Records supplied section start
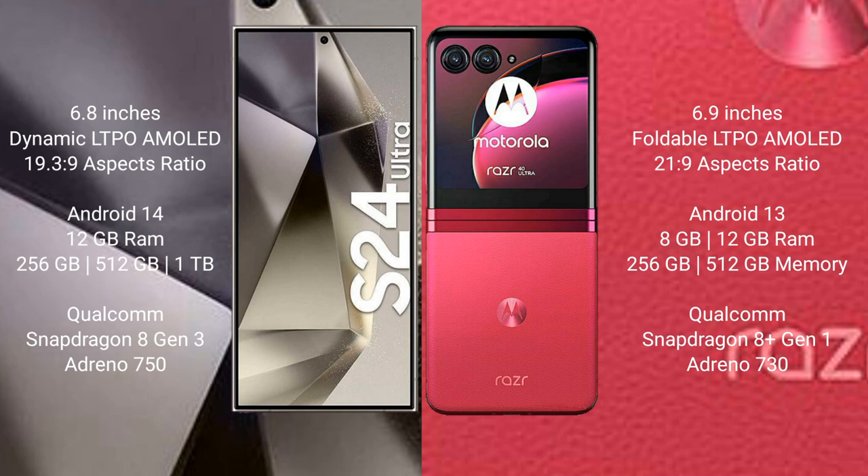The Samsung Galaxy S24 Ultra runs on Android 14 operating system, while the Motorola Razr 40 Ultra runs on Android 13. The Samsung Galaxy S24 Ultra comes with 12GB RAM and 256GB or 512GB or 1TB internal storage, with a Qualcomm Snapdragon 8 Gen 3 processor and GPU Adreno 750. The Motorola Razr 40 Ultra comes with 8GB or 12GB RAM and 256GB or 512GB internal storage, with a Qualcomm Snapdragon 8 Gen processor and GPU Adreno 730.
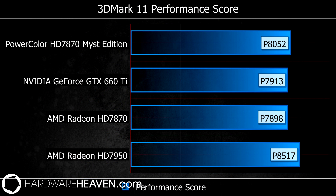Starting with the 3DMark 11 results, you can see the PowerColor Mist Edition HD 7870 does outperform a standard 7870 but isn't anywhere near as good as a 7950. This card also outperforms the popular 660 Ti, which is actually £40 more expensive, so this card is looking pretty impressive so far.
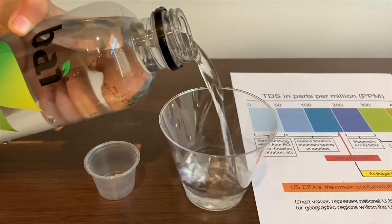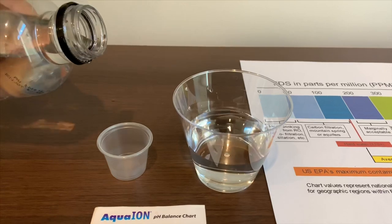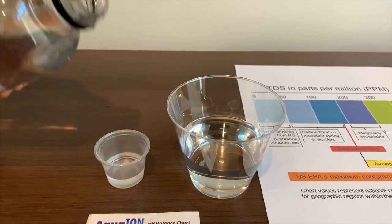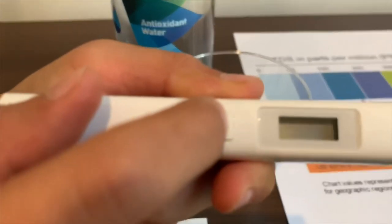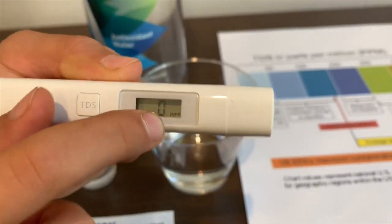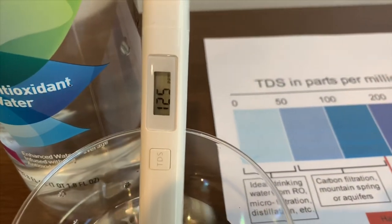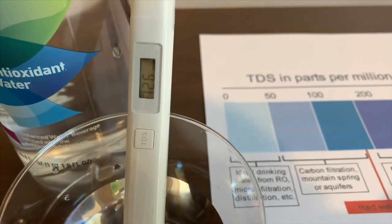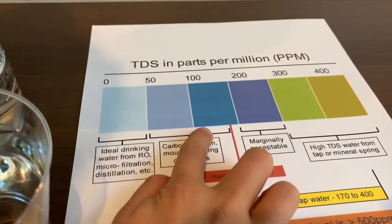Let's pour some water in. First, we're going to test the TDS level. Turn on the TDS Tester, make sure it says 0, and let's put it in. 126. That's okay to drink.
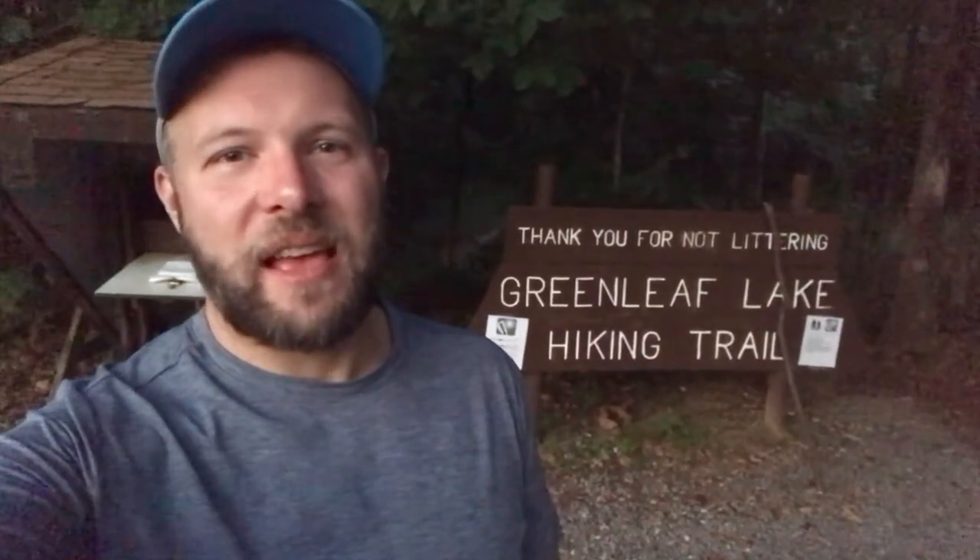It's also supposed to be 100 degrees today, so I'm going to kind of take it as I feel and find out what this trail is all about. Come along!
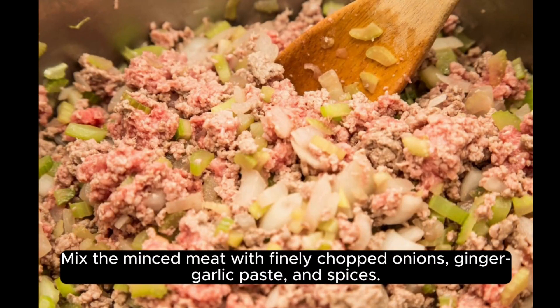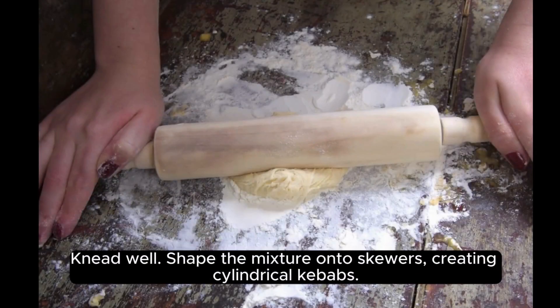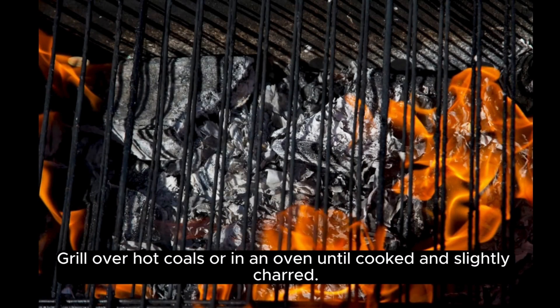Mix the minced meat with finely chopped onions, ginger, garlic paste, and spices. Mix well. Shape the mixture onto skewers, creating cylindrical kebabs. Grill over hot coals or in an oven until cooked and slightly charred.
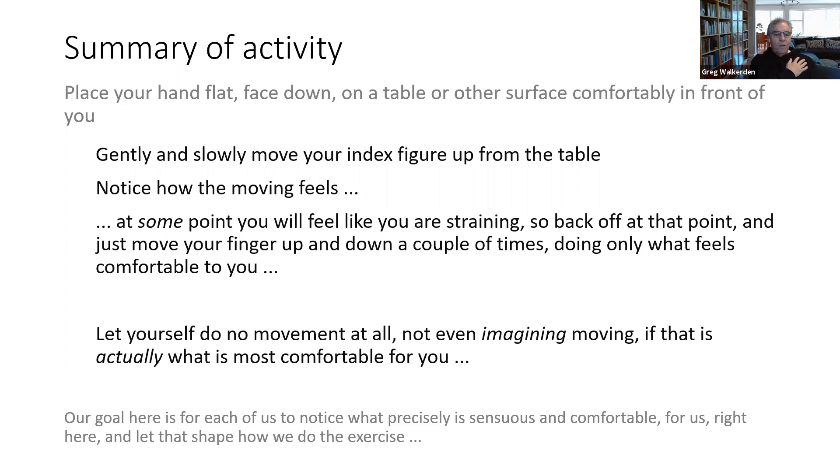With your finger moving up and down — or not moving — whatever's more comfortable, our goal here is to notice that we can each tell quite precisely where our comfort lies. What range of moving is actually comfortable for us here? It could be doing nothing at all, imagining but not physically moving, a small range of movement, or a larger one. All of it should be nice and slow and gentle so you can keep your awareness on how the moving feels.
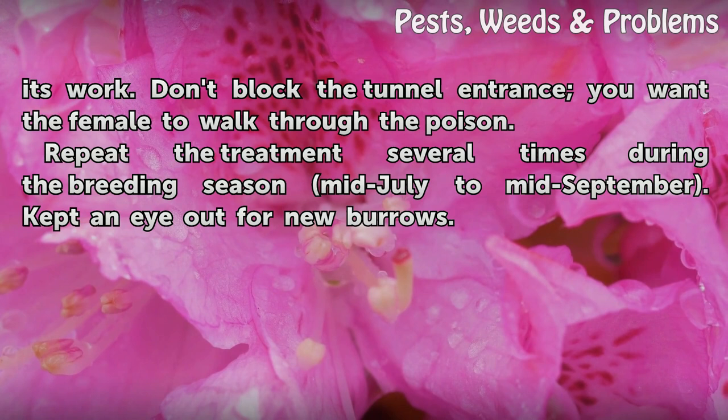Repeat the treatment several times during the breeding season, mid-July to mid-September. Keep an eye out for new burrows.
Records supplied section end
Records supplied section start
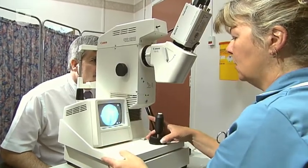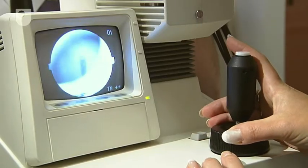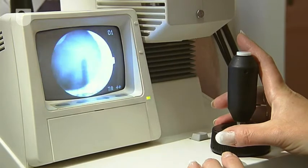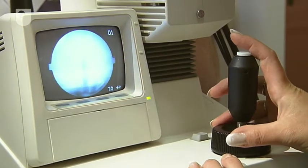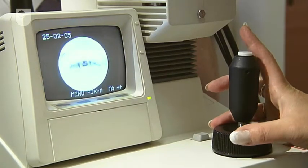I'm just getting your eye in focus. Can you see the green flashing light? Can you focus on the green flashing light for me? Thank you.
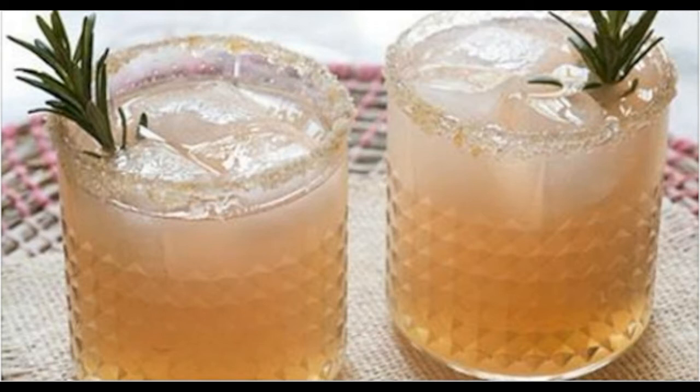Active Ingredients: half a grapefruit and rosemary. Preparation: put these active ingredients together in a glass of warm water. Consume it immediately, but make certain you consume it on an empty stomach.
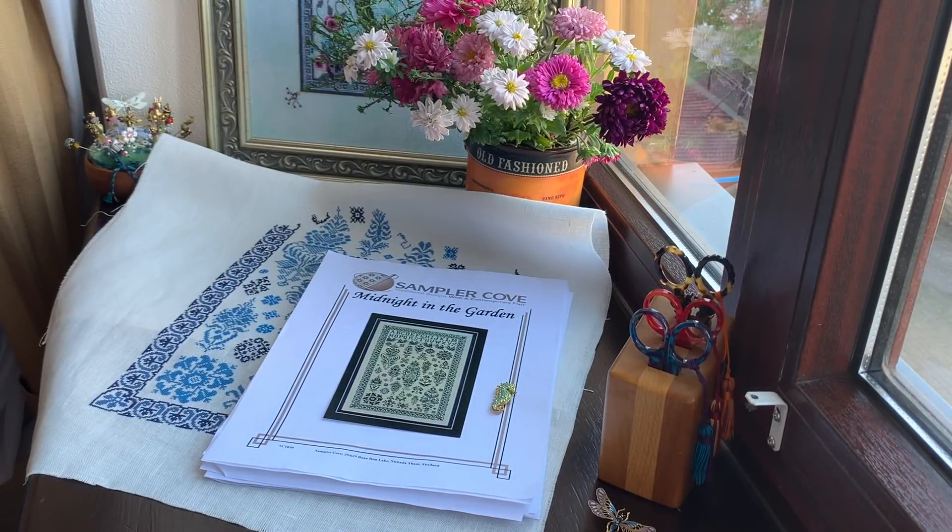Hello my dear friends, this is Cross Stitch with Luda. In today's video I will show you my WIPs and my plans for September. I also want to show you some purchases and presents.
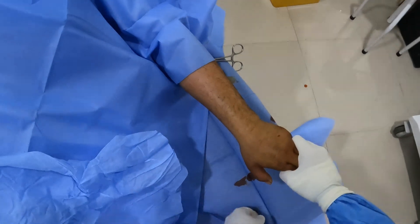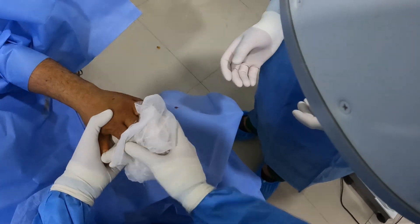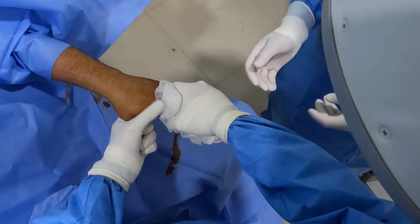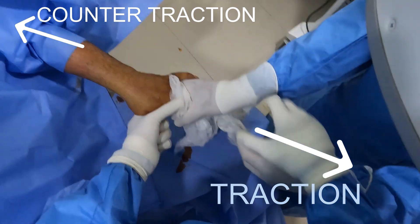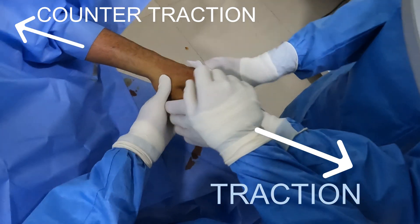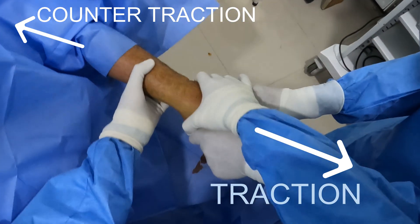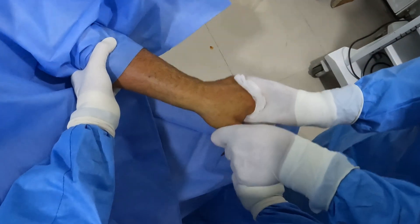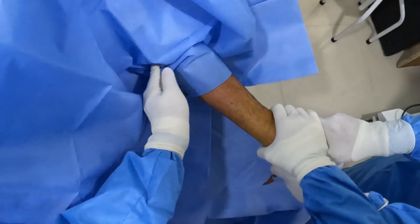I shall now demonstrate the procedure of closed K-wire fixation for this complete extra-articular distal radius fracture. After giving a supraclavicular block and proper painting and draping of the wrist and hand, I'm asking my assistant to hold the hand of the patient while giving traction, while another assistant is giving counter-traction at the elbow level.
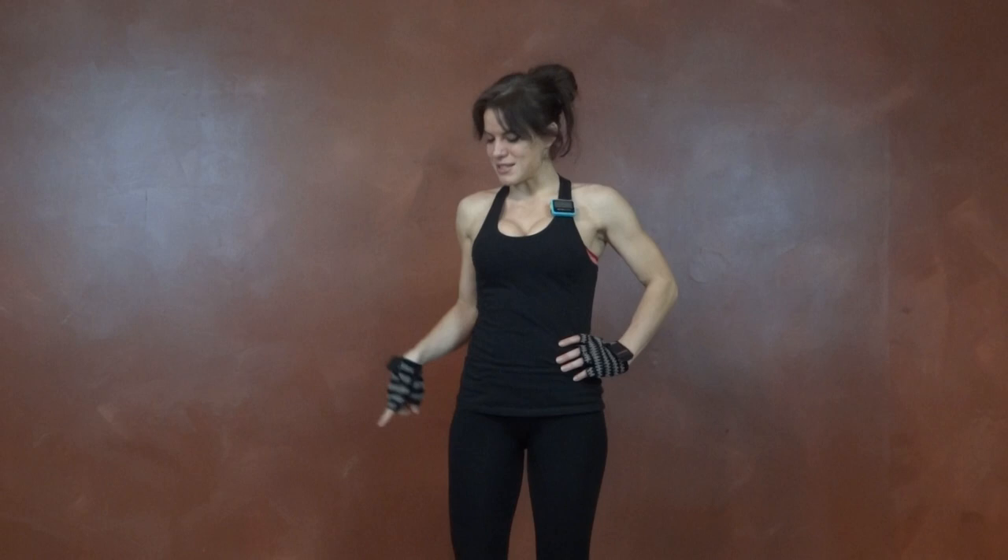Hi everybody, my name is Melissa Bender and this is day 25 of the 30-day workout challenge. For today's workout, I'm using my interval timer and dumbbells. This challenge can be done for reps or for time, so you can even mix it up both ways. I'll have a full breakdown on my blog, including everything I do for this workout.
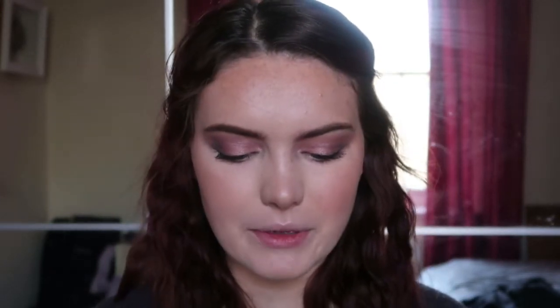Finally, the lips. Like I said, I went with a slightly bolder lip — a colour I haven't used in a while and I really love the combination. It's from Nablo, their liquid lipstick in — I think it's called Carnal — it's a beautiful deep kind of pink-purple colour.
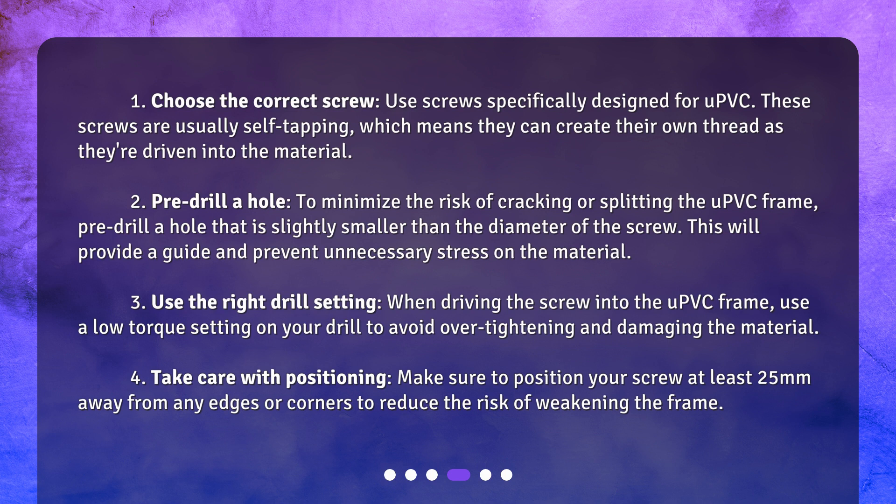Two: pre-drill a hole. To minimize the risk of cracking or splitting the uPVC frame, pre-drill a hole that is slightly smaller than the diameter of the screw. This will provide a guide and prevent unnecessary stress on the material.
Records supplied section end
Records supplied section start
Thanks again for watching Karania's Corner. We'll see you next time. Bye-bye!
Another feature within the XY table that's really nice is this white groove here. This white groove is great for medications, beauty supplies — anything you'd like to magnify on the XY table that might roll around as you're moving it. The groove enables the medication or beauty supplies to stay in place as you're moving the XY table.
Records supplied section end
_Task description_:
Reproduce exactly the lines above starting at the line containing "Active Ingredients: half" and ending at the line containing "Hi everybody, my", including both, but not the pictures.

_The answer_:
Active Ingredients: half a grapefruit and rosemary. Preparation: put these active ingredients together in a glass of warm water. Consume it immediately, but make certain you consume it on an empty stomach.
Hello my dear friends, this is Cross Stitch with Luda. In today's video I will show you my WIPs and my plans for September. I also want to show you some purchases and presents.
I shall now demonstrate the procedure of closed K-wire fixation for this complete extra-articular distal radius fracture. After giving a supraclavicular block and proper painting and draping of the wrist and hand, I'm asking my assistant to hold the hand of the patient while giving traction, while another assistant is giving counter-traction at the elbow level.
Hi everybody, my name is Melissa Bender and this is day 25 of the 30-day workout challenge. For today's workout, I'm using my interval timer and dumbbells. This challenge can be done for reps or for time, so you can even mix it up both ways. I'll have a full breakdown on my blog, including everything I do for this workout.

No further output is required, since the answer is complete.